For a moment he said nothing. Val heard a woman’s high-pitched laugh in the background, followed by a dog bark. Did he have a dog now, or was it Abigail’s dog? It would be their dog, really. Or was he at someone else’s house—Abigail’s family, or a friend’s place? She bit her lip as the silence between her and Max stretched into the better part of a minute.
“Fine,” he said. “Meet me at Wicked Brew, on the corner of Queen Anne and Valley, in thirty minutes.”
“Okay,” she said with some difficulty, unaware she’d been holding her breath until that moment. “Thank you, Max.”
“Bye.” He hung up.
Well, it was better than nothing.
* * *
Val fiddled with her coffee mug and watched passersby amble past the Wicked Brew’s window. She eyed her hazy reflection and noted that, once again, Max would see her looking like shit. No makeup, hair a mess, a bit pale from the stress of the last couple of days, and now a brown stain on her tank top from where coffee had dribbled down the mug’s side when she’d taken a sip. Not that it mattered, but it’d be nice if she could get herself together for him just once. What did they say about breakups—looking good is the best revenge?
As she used her fingers to smooth out her hair in the window’s reflection, a figure appeared behind her. She turned and saw him standing there, the first time she’d seen him in the flesh in almost eight months.

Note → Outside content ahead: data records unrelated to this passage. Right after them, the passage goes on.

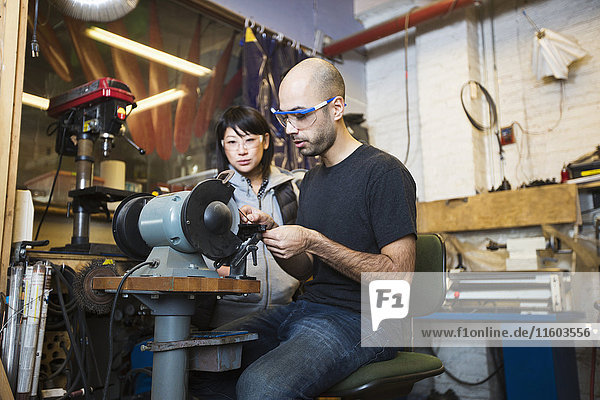 Man and woman using machinery in workshop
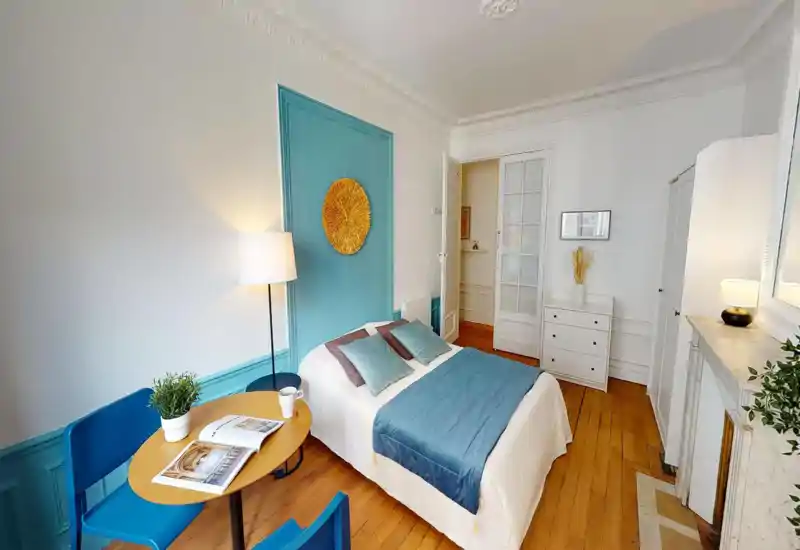 Bright, well-styled bedroom with a double bed, teal accent wall and coordinated textiles. Wooden floors and tasteful furnishings create a warm, inviting atmosphere ideal for short-term stays.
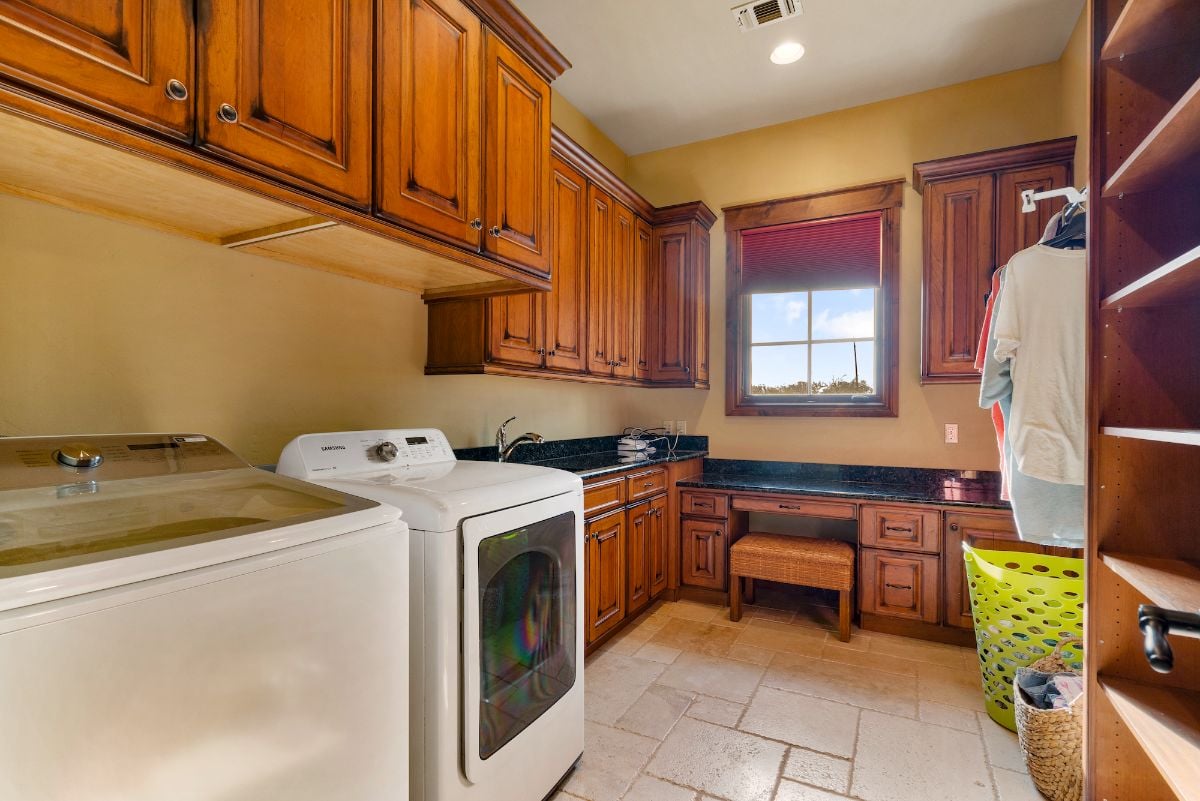 The laundry room features a wooden cabinet that blends well with the tile flooring creating a rustic feel.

He wore jeans and a T-shirt that looked loose enough to be comfortable but tight enough to show off his toned muscles and browned skin from an abundance of outdoor exercise. Running and boxing were his sports, she remembered. His tan made the gorgeous blue and green fractal tattoos snaking across both his inner forearms stand out even more. A day’s worth of stubble shadowed his sharp cheekbones. The wavy black hair cropped short along the sides and longer on top caught the afternoon sunlight in a way the cameras couldn’t relay.
Val’s mouth watered against her will. Looking good was the best revenge—against her. Dammit.
She sat up straight and pushed away the image of what she knew he looked like underneath his clothes. “Hi,” she said with a polite smile.
“Hi.” Max didn’t return her smile. He regarded her with a neutral expression—the mask he often wore to hide his feelings. Despite his passive face, his beautiful hazel eyes with their emerald green centers—the ones that could melt her from the inside—had a cold veneer. He sat in a chair across from her, leaned back, and crossed his arms over his chest like a shield.
Val pushed back a lump in her throat. He clearly didn’t want to be there, with her. She wouldn’t keep him long.
“How are you?” she asked, though if the press reports were accurate, she knew the answer was “fabulous.”
“Fine,” he said. “You?”
“Uh, I’m—” Terrible. She pulled at her hair, making sure it covered her scar. “You look good.”
His voice was flat. “You, too.”
“I heard about your engagement. I’m happy for you. You deserve to be happy, I mean.”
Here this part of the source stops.